- WORK TO COMPLETE
Word for word, return the entries listed below.

(Stored records)

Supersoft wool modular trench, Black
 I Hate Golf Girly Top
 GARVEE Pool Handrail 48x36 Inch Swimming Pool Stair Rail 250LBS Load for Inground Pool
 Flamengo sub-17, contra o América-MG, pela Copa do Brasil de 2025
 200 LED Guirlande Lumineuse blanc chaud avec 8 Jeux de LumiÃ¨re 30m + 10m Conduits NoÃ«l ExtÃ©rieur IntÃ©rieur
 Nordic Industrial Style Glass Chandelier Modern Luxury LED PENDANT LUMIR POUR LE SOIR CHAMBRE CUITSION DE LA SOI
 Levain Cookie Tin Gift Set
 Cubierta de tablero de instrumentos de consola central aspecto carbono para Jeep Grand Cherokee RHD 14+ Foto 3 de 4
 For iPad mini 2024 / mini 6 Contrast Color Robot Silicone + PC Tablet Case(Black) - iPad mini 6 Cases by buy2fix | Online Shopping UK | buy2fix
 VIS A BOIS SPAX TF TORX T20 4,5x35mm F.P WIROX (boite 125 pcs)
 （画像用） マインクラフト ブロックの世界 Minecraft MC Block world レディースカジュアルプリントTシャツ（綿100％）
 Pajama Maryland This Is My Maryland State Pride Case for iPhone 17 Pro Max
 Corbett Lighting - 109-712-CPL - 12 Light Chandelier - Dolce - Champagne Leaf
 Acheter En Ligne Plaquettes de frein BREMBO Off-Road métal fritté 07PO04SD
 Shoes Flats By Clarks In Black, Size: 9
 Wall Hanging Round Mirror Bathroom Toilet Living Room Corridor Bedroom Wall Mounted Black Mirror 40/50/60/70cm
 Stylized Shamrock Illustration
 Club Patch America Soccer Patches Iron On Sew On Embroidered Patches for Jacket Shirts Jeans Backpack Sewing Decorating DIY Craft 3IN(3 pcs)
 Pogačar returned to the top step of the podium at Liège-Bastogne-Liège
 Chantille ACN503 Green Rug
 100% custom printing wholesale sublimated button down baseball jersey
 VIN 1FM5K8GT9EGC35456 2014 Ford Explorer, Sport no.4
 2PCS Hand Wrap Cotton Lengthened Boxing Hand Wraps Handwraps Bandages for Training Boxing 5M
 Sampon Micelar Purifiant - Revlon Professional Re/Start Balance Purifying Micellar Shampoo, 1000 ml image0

- TASK ANSWER
Supersoft wool modular trench, Black
 I Hate Golf Girly Top
 GARVEE Pool Handrail 48x36 Inch Swimming Pool Stair Rail 250LBS Load for Inground Pool
 Flamengo sub-17, contra o América-MG, pela Copa do Brasil de 2025
 200 LED Guirlande Lumineuse blanc chaud avec 8 Jeux de LumiÃ¨re 30m + 10m Conduits NoÃ«l ExtÃ©rieur IntÃ©rieur
 Nordic Industrial Style Glass Chandelier Modern Luxury LED PENDANT LUMIR POUR LE SOIR CHAMBRE CUITSION DE LA SOI
 Levain Cookie Tin Gift Set
 Cubierta de tablero de instrumentos de consola central aspecto carbono para Jeep Grand Cherokee RHD 14+ Foto 3 de 4
 For iPad mini 2024 / mini 6 Contrast Color Robot Silicone + PC Tablet Case(Black) - iPad mini 6 Cases by buy2fix | Online Shopping UK | buy2fix
 VIS A BOIS SPAX TF TORX T20 4,5x35mm F.P WIROX (boite 125 pcs)
 （画像用） マインクラフト ブロックの世界 Minecraft MC Block world レディースカジュアルプリントTシャツ（綿100％）
 Pajama Maryland This Is My Maryland State Pride Case for iPhone 17 Pro Max
 Corbett Lighting - 109-712-CPL - 12 Light Chandelier - Dolce - Champagne Leaf
 Acheter En Ligne Plaquettes de frein BREMBO Off-Road métal fritté 07PO04SD
 Shoes Flats By Clarks In Black, Size: 9
 Wall Hanging Round Mirror Bathroom Toilet Living Room Corridor Bedroom Wall Mounted Black Mirror 40/50/60/70cm
 Stylized Shamrock Illustration
 Club Patch America Soccer Patches Iron On Sew On Embroidered Patches for Jacket Shirts Jeans Backpack Sewing Decorating DIY Craft 3IN(3 pcs)
 Pogačar returned to the top step of the podium at Liège-Bastogne-Liège
 Chantille ACN503 Green Rug
 100% custom printing wholesale sublimated button down baseball jersey
 VIN 1FM5K8GT9EGC35456 2014 Ford Explorer, Sport no.4
 2PCS Hand Wrap Cotton Lengthened Boxing Hand Wraps Handwraps Bandages for Training Boxing 5M
 Sampon Micelar Purifiant - Revlon Professional Re/Start Balance Purifying Micellar Shampoo, 1000 ml image0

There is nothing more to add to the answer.